Letter from William Cowper, Weston Underwood, to William Hayley, 1792 March 17 : autograph manuscript signed.

BIB_ID
247079
Accession number
MA 6307
Creator
Cowper, William, 1731-1800.
Display Date
Weston Underwood, England, 1792 March 17.
Credit line
Gift of Charles Ryskamp, in memory of Mrs. J. Richardson Dilworth, 2005.
Description
1 item (4 pages, with address) ; 22.5 x 18.9 cm
Notes
The manuscript of the sonnet that Cowper refers to in this letter, "Sonnet to Wm. Cowper Esq.," is also in the Morgan's collection and has been cataloged as MA 5042.5.
Address panel with seal and postmarks: "To / William Hayley Esqr. / Eartham - near / Chichester."
Provenance
Charles Ryskamp.
Summary
Responding with thanks to a letter from Hayley, the receipt of which had been delayed several weeks; apologizing and explaining that the blame for this lies elsewhere: "Thanks to my Bookseller [Joseph Johnson] who neglected to send it sooner, and by his unreasonable delay has put my nerves and spirits to a trial, not the first of the kind that they have sustained from Him, but certainly the severest;" describing his reactions to a newspaper account that pitted Cowper against Hayley, as both were currently working on biographies of Milton: "my first sensations were not unpleasant, for I felt myself not a little flatter'd by the supposed competition between us.
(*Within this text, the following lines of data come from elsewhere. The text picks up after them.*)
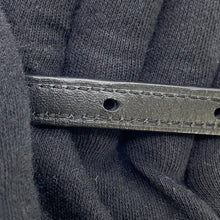 Load image into Gallery viewer, LOUIS VUITTON Pochette double zip NoirM69203 Monogram Monogram / Giant Reverse
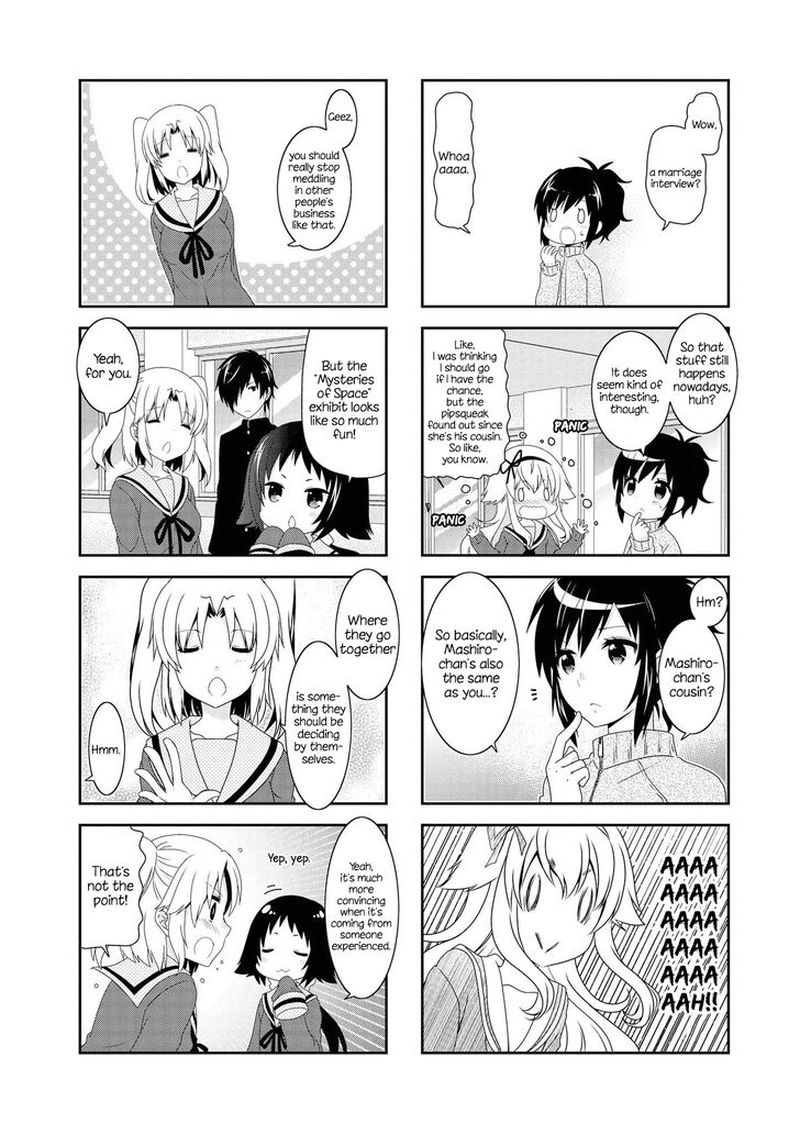Mikakunin De Shinkoukei 116 12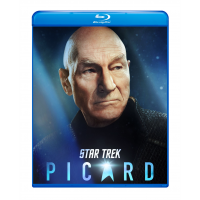 Star Trek Picard - 3ª Temporada - Legendado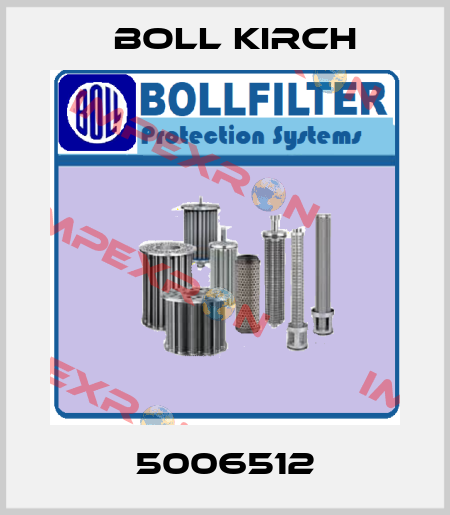 5006512 Boll Kirch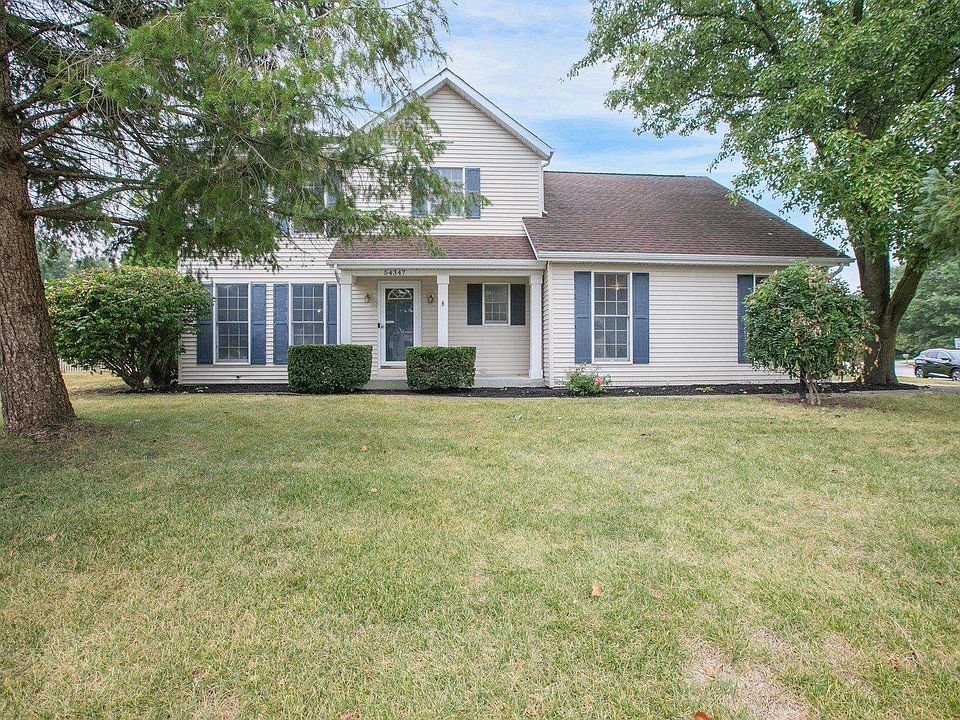 1st image of 54347 Sagewood Dr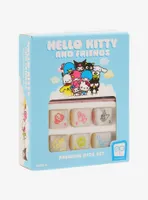 Sanrio Hello Kitty and Friends Premium Dice Set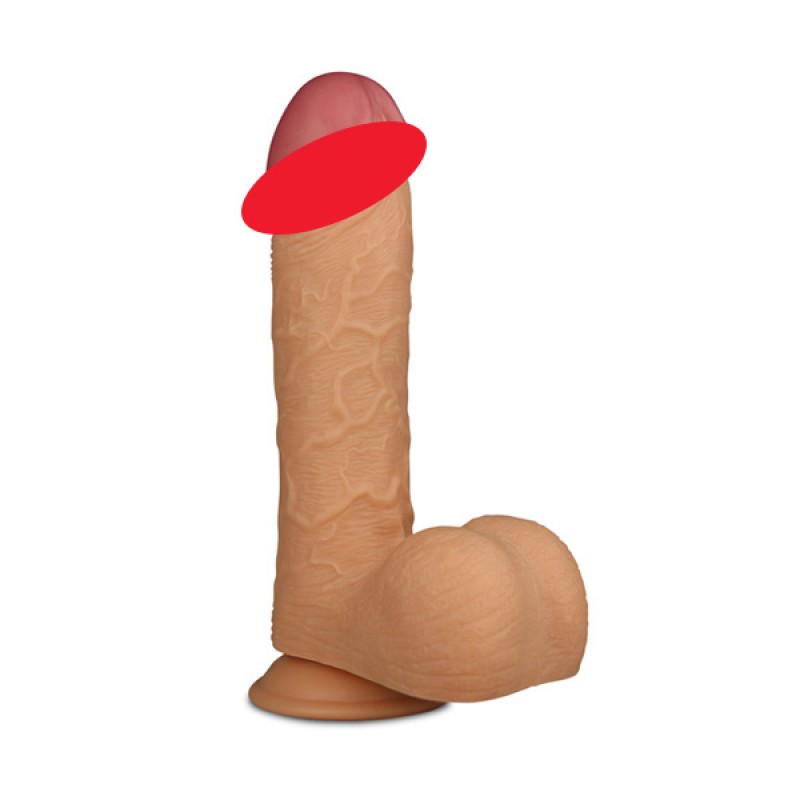 Realistische Dildo Spielzeug für Frauen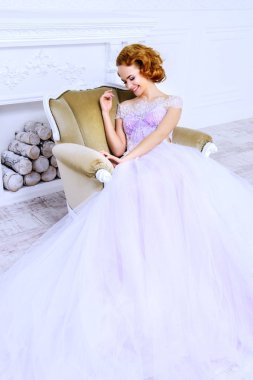 lüks düğün günü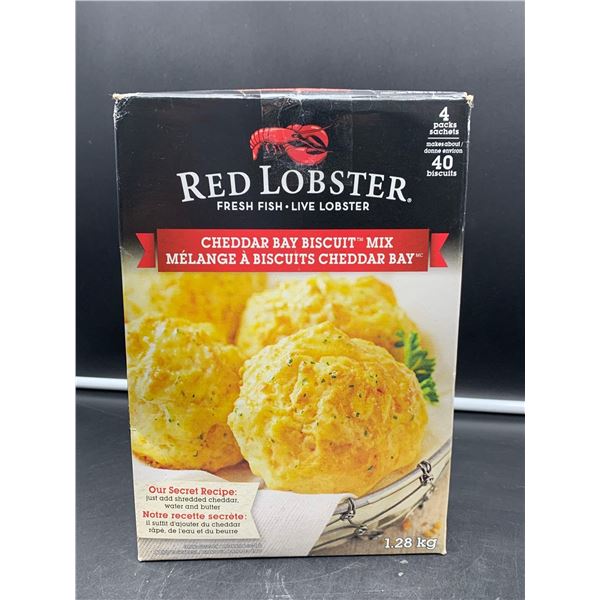 Red Lobster Cheddar Bay Biscuit Mix (1.28kg)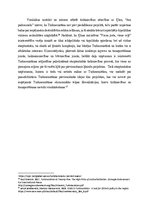 Research Papers 'Turkmenistānas postkomunistisko īpatnību faktoru kopums kā tā lēmuma katalizator', 11.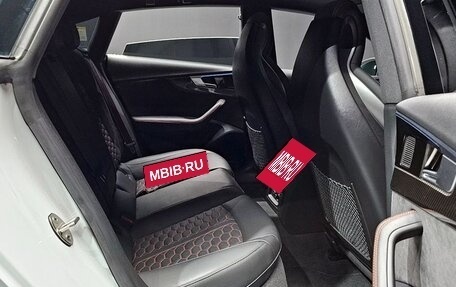 Audi RS 5, 2021 год, 6 200 000 рублей, 15 фотография
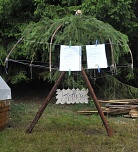 "Odv�n� n�vrh n�st�nky, kter� jsme zvl�dli hned na podruh�..:))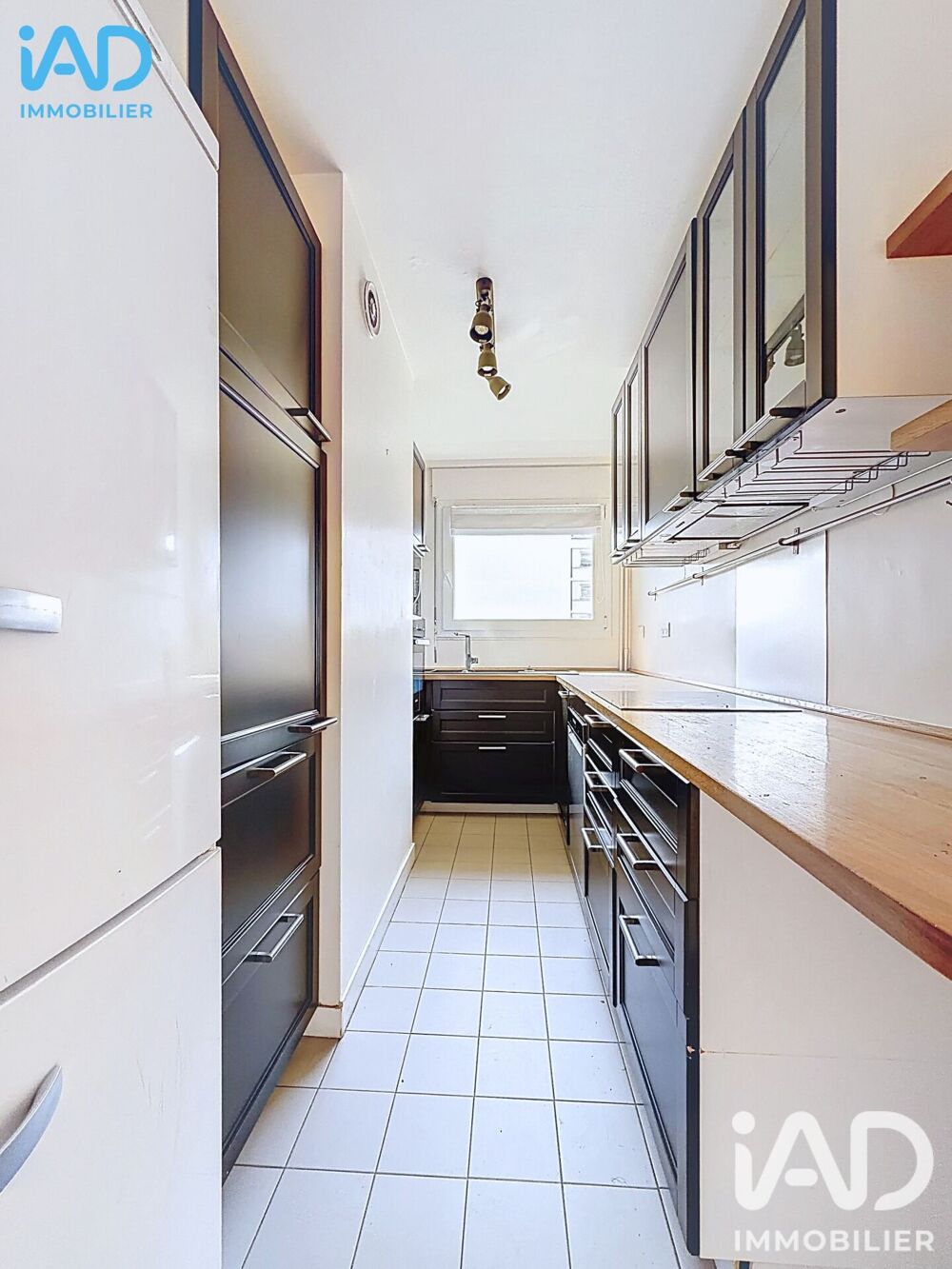à vendre  Appartement Paris 18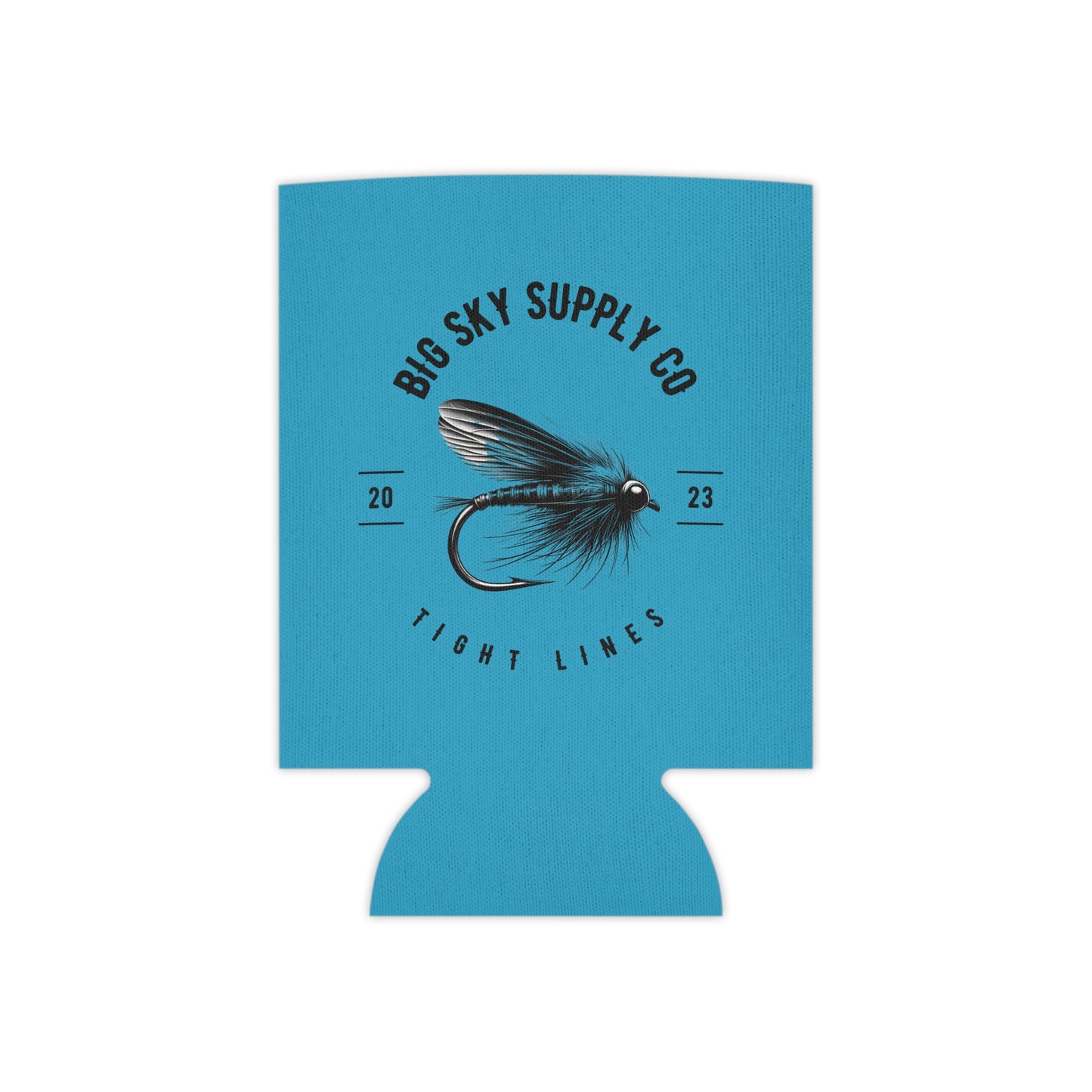 Tight Lines Can Cooler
But sensations of a very different kind succeeded, and such as were nearly akin to the most dispiriting despondence. I never thought myself very well qualified for my present enterprize, for though I have all my life been at times occupied in reading and admiring Milton, I had not once look'd into him with the eyes of a Commentator ; nor did I, nor had I any reason to judge myself in any measure equal to yourself either in point of Learning or other ability for such an employment. Guess then how I must feel myself relieved by the information you give me that we are to act each in a distinct province, and that I shall have no disgrace to fear on this occasion save from myself only. - He who knows the hearts of all, knows that in thus speaking and in thus describing my feelings in this instance, I have spoken nothing but the truth;" praising Milton as "perhaps the chief of all who have ever done honour to our country, and whose very name I reverence;" saying that his project is different in that it does not focus on Milton's life or character and he envisions that "we will cope with each other in nothing but that affection which you avow for me, unworthy of it as I am, and which your character and writings and especially your kind letter have begotten in my heart for you;" thanking Hayley for his subscription and his sonnet; adding "May I always so write and so act as to continue in your good opinion, and send me now and then a line to tell me that I still possess it;" adding in a postscript "Every remark of yours on Milton will be highly valued by me."